FIG. 3 is a flow diagram of a method 100 for providing resource utilization for information technology system infrastructures using a reduced number of machine learning or other representative models, according to an embodiment. The method 100 includes a step 102 of grouping or classifying the components in an IT system according to one or more similar patterns, e.g., one or more utilization metrics 103. Utilization metrics include CPU utilization, memory utilization, data storage utilization or other suitable utilization metric.
For example, using a particular metric (e.g., memory utilization), the components in the IT system are segmented into various clusters based on the historic utilization (data distributions) of each component. The components are segmented into various clusters using a k-means clustering algorithm or one or more other suitable clustering algorithms or other mechanisms. Using a k-means clustering algorithm, the components are segmented into k clusters.
Once the components are segmented into clusters, each cluster is profiled and labeled. For example, one type of classification scheme includes five classes: Underutilized, Moderate Low, Moderate Mid, Moderate High and Overutilized. It should be understood that profiling and labeling each cluster converts an unsupervised problem into a supervised problem, i.e., unlabeled data becomes labeled, tagged or classified data. For example, a Random Forest model, which is supervised, is developed so that all IT system components, including any new components to the IT system, get classified into a proper utilization class.
Once all of the IT system components have been classified into one of the classes, the IT system components can be further grouped or classified into sub-classes within the respective class, e.g., based on the stationary property of the component. For example, for a given class, a first sub-class will include all stationary components in that class and a second sub-class will include all non-stationary components in that class. Stationary components are components whose mean, variance and autocorrelation structure do not change over time.
As an example, consider having 10 components per class (5 stationary components and 5 non-stationary components). According to an embodiment, the 10 components in each class are designated as reference components. Accordingly, in the given example, there are 50 reference components (10 components*5 classes) for each utilization metric. If there are 3 utilization metrics (e.g., CPU utilization, memory utilization, data storage utilization), there are 150 reference components (10 components*5 classes*3 utilization metrics).
The method 100 also includes a step 104 of building a set of representative or reference machine learning models. Initially, a representative machine learning model is built for each reference component. Therefore, in the given example, for 150 reference components, 150 representative machine learning models are built (one representative machine learning model for each of the 150 reference components). Machine learning models are built using Auto Regressive Integrated Moving Average (ARIMA), which is a class of models that are fitted to time series data in such a way that future can be forecast based on the past values of the time series.
Once the representative (reference) machine learning models are built, the hyper parameters of each representative machine learning model are seeded, e.g., based on autocorrelation function (acf) values and partial autocorrelation function (pacf) values.
Once each representative machine learning model is seeded with hyper parameters, the representative machine learning models are used in a grid search algorithm for an ARIMA model.
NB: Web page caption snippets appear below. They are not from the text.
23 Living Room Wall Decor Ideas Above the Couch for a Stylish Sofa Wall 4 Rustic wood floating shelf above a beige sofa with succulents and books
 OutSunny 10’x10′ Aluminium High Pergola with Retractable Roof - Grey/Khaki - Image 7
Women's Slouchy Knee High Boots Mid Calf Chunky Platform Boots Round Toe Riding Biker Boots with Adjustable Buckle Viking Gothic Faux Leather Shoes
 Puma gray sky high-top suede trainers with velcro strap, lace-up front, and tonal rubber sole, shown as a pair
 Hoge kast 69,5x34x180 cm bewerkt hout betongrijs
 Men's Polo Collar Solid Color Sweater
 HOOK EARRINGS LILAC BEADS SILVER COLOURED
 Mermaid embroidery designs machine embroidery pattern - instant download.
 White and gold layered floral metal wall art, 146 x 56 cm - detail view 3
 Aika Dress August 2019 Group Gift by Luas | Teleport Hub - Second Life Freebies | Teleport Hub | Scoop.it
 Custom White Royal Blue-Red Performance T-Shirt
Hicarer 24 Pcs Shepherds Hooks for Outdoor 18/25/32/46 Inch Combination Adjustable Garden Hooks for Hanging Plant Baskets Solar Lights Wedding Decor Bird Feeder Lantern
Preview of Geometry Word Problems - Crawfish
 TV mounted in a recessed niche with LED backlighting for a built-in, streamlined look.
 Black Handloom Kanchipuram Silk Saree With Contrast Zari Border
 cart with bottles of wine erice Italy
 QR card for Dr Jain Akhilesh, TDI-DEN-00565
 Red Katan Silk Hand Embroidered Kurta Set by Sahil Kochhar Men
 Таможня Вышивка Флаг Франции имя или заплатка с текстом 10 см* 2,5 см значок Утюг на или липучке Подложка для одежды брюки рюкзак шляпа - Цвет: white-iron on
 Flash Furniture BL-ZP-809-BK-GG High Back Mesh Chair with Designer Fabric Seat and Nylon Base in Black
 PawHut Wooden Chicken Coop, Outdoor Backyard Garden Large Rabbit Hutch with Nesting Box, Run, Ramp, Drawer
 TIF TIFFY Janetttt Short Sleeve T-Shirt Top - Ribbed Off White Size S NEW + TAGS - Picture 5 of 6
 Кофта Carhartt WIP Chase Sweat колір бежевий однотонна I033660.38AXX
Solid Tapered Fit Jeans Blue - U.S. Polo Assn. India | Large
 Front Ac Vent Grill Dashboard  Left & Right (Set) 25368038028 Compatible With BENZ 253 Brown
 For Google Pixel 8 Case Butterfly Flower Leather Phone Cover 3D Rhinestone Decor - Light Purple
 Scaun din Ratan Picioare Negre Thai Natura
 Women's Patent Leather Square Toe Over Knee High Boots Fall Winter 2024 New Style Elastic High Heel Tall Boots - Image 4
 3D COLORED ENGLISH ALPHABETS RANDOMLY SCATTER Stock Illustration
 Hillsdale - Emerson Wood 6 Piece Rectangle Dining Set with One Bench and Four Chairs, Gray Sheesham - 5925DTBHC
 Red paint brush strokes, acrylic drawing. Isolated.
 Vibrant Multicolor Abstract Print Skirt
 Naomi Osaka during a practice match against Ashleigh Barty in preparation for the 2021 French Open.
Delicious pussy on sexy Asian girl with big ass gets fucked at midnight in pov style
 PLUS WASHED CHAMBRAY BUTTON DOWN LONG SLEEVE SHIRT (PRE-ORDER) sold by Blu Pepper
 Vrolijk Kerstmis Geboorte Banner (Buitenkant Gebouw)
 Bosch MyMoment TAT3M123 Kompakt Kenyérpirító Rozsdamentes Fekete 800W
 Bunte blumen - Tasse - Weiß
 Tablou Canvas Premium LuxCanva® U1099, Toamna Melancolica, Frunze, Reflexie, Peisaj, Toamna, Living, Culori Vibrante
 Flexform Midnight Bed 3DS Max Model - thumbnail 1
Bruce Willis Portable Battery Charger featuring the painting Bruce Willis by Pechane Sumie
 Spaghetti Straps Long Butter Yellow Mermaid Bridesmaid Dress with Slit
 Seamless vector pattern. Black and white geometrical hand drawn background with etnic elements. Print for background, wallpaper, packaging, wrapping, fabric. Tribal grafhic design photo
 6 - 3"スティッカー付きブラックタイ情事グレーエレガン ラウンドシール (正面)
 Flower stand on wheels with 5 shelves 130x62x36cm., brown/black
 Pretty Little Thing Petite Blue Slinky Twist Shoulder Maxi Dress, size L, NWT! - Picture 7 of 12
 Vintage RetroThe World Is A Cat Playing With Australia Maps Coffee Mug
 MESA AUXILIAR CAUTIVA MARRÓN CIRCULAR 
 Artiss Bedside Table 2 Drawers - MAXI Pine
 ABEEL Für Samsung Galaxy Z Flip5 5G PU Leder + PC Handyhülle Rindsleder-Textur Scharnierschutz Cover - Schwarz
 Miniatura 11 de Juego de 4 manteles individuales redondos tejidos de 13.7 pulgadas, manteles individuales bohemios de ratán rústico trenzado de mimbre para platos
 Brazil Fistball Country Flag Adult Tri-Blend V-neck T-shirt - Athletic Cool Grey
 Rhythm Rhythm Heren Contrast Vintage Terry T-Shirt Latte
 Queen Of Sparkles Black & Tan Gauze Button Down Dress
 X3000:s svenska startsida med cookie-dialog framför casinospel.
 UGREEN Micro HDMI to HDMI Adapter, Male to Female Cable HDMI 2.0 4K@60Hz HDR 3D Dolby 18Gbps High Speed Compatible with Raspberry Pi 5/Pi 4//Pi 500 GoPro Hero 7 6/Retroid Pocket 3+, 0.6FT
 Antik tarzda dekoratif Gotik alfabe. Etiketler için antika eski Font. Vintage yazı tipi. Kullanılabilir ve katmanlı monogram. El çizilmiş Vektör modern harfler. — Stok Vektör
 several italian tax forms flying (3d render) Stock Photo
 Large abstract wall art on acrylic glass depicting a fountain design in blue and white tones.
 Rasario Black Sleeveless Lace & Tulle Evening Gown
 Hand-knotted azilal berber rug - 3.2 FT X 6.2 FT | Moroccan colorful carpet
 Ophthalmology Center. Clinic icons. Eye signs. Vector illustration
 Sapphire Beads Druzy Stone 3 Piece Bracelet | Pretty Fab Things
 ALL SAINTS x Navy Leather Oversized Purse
That is, the machine learning models are further refined using a grid search algorithm or other suitable algorithm.
The method 100 also includes a step 106 of applying the representative machine learning models within a given class to each IT system component within that given class. As discussed hereinabove, applying the representative machine learning models within a given class to each IT system component within that given class forecasts the resource utilization of all system components in that class. In this manner, according to an embodiment, applying the representative machine learning models of each class to each IT system component within the respective class forecasts the resource utilization of all system components in the IT system without having to build a machine learning model for each system component in the IT system.
It will be apparent to those skilled in the art that many changes and substitutions can be made to the embodiments described herein without departing from the spirit and scope of the disclosure as defined by the appended claims and their full scope of equivalents.

Claims

1. A method for forecasting resource utilization of an information technology system having a plurality of system components, the method comprising:

classifying the plurality of system components based on at least one resource utilization metric;

determining at least one reference component in each class from among the components classified within a respective class;

building a representative machine learning model for each reference component in each class; and

for each class, applying the representative machine learning model to all system components within the respective class,

wherein applying the representative machine learning model to all system components within the respective class, for each class, provides forecasts for the resource utilization of all system components in the information technology system without building a machine learning model for each system component in the information technology system.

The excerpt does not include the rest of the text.